I'm very surprised that comment was made. That idea probably
comes from confusing voltage gain and power gain.
In a source or emitter follower, voltage gain is
theoretically unity. Power gain is a function of impedance
ratios of the input and output circuits. The power gain is
NOT unity and unlike a transformer it can actually be quite
high.
Let's consider a perfect voltage follower. If we apply 1
volt on the input, the output is 1 volt. If the input
impedance is 3000 ohms the input power would be 333
microwatts. The load power, if 50 ohms, would be 13.3
milliwatts.
This means if a whip or small antenna was sourcing 1 volt
into 3000 ohms and the receiver load impedance was 50 ohms,
the system would have a power gain of .133/.000333 log10 or
26dB.
26dB gain is certainly NOT unity gain!!!
A second factor enters the equation. The transformer, if
16:1 ratio and perfect (which it isn't even remotely close
to being) would have an input impedance of only 800 ohms.
This means the voltage delivered from a voltage probe would
be considerably less into the transformer, giving negative
gain even with a perfect transformer. The real gain is more
like 30dB when this is considered.
The statement a voltage follower can be replaced by a
conventional transformer with no change in performance is
very clearly not even remotely close to being factual,
although there are certain cases where a transformer can be
made to "work".
Second, let's look at the claim a thick antenna would drive
an amplifier better than a thin whip.
What is being missed there is a large part of the antenna
capacitance is shunting the input just like the input
capacitance of the amplifier does!! While not all of the
capacitance is shunting the input, a large amount is.

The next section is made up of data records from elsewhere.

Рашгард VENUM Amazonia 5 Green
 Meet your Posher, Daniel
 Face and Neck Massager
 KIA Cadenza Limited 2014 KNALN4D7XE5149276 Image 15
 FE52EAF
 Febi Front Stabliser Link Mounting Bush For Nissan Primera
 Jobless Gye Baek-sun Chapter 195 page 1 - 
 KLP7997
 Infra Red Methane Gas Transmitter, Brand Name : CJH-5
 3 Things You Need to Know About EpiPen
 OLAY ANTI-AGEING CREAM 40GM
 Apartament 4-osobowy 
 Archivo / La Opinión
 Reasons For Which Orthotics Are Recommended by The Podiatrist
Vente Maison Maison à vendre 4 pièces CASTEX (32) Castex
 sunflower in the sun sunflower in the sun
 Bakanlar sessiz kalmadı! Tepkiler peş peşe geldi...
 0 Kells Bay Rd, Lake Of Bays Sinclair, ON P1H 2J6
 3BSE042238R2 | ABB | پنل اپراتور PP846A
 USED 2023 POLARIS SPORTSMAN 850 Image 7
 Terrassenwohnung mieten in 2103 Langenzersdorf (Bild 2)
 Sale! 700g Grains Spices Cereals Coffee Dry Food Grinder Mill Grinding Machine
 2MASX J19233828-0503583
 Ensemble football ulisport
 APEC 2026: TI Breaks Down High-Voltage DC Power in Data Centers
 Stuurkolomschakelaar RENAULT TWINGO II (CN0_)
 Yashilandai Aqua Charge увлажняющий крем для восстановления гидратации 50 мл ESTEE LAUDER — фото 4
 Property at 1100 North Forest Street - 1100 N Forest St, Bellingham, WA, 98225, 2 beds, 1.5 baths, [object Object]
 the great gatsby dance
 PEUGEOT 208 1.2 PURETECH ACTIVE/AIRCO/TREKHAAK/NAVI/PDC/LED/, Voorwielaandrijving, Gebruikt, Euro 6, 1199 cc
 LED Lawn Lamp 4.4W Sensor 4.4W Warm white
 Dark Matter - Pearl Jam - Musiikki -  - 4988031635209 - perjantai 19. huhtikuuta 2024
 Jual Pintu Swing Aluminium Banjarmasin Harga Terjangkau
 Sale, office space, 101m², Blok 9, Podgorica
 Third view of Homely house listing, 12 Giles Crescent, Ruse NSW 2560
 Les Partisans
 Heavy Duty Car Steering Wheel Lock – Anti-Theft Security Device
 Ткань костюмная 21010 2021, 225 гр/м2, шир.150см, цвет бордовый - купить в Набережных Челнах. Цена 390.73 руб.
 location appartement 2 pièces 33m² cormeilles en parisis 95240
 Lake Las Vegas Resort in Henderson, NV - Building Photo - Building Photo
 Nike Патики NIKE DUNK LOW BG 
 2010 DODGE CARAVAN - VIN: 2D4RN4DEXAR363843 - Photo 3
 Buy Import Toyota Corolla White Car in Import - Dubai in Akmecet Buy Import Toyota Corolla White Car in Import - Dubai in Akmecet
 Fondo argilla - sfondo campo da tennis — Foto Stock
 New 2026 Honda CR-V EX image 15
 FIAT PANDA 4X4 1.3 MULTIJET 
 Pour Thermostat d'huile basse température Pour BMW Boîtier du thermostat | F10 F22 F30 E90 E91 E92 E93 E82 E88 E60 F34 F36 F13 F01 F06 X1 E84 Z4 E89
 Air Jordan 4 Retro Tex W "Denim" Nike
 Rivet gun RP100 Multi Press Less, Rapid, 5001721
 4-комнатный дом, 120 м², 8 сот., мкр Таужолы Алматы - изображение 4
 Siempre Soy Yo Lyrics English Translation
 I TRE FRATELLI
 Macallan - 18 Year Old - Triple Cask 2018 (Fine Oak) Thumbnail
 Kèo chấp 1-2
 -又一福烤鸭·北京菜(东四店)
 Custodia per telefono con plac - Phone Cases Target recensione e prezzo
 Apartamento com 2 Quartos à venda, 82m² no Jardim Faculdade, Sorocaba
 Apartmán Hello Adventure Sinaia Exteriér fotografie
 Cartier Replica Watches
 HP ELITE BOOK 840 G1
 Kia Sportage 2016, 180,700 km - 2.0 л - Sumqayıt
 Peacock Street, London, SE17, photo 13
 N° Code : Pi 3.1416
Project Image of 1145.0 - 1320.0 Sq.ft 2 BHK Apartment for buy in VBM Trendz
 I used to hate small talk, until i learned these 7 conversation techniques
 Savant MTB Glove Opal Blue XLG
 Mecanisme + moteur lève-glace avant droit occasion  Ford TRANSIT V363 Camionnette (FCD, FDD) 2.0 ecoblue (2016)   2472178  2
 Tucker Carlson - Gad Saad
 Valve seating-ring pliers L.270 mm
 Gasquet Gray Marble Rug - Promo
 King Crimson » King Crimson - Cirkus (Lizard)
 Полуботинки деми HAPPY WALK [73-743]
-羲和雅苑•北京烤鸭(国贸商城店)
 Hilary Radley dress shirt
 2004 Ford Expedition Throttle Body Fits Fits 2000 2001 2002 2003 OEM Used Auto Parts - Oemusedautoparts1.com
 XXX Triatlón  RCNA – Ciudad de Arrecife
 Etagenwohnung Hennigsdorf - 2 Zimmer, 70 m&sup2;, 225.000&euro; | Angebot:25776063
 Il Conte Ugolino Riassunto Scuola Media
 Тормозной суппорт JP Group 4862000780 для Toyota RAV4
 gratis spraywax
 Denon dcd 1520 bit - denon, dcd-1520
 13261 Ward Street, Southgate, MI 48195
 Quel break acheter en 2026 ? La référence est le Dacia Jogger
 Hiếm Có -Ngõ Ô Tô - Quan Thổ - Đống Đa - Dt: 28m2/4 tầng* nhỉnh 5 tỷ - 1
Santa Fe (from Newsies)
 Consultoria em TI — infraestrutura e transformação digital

The actual measured difference in signal level between a 10
foot long 1 inch diameter tube driving 3000 ohms shunted
with 30pF when excited by a kilowatt into a 200 foot
vertical 1 wavelength away is 3.6 volts with the one inch
tube and 3.2 volts with a .12 inch diameter conductor the
same height.
This represents a signal loss of about 1dB, which is
insignificant.
Finally a comment about phase. There are two ideal
conditions of controlled stable phase shift. One is where
the antenna is so reactive phase shift is almost perfectly
90 degrees. The other condition is where the load is purely
resistive. Either one can make a very phase stable array.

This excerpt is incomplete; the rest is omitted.